I enjoyed reading this - even though I experienced symptom flare up while doing it.
An expert testimony that can put the Wessely MUS rationale for CBT and GET for PWME to rest. I'll try reading the rest over the next couple of days.
I'm also thinking about some of the human rights violations of institutionalizing people and not accommodating their sensitives in hospital. These draft guidelines make sensitivities a consideration for caretakers.
However, @Bronc is correct that there is a lot left to fill in the gaps with lack of services available and a dearth of treatment options. The human rights work continues...
I think it's a great start. Yes, there is so much more to be done, but at least maybe this will help prevent the torture of people like Eva in this thread.

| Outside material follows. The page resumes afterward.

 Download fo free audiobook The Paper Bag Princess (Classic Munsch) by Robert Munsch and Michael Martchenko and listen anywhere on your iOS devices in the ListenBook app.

From what I understand, the doctors "treating" her justified everything they did (and didn't do) saying they were just following standard recommended treatment.

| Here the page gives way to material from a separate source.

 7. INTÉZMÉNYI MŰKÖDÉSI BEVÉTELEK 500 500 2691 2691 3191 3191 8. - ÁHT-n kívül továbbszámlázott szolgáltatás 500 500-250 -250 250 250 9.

I’m too ill to read the guidelines Which sound mainly “good” by taking out the most bad that should never have been there, including I think the naf NICE CriTeria? I personally would prefer NICE not to go off on its own regarding PESE , there seems always an attempt to make the british way different and operating in its own bubble when we would do better to standardise terms and criteria now globally in my view.
i was concerned that even with Dr Charles Shepherd etc on the panel they managed to put out in my view a very problematic description of severe ME.
In the last the NICE guidelines they just had three categories and this time, even though there’s four, they’ve kept last times definition of severe as being able to only wash your face etc, which to me is just inaccurate. There’s a massive jump from how they describe moderate to then severe which is illogical and it doesn’t match The ME association own severity scale.
I have no problems with 4 rough categories, we all use these terms, but defining severe so extremely when it is suppose to cover the bottom 1/4 of function is to me unhelpful. I’m afraid the cynic in me has wondered if this is to minimise severe ME by making it a smaller minority than the 25% it is. I’m very severe btw and that category was fine.
People are saying the research recommendactions are a problem, are the recommendations supposed to be general ones or ones specific to what the NICE committee would find helpful in their remit of writing management guideline?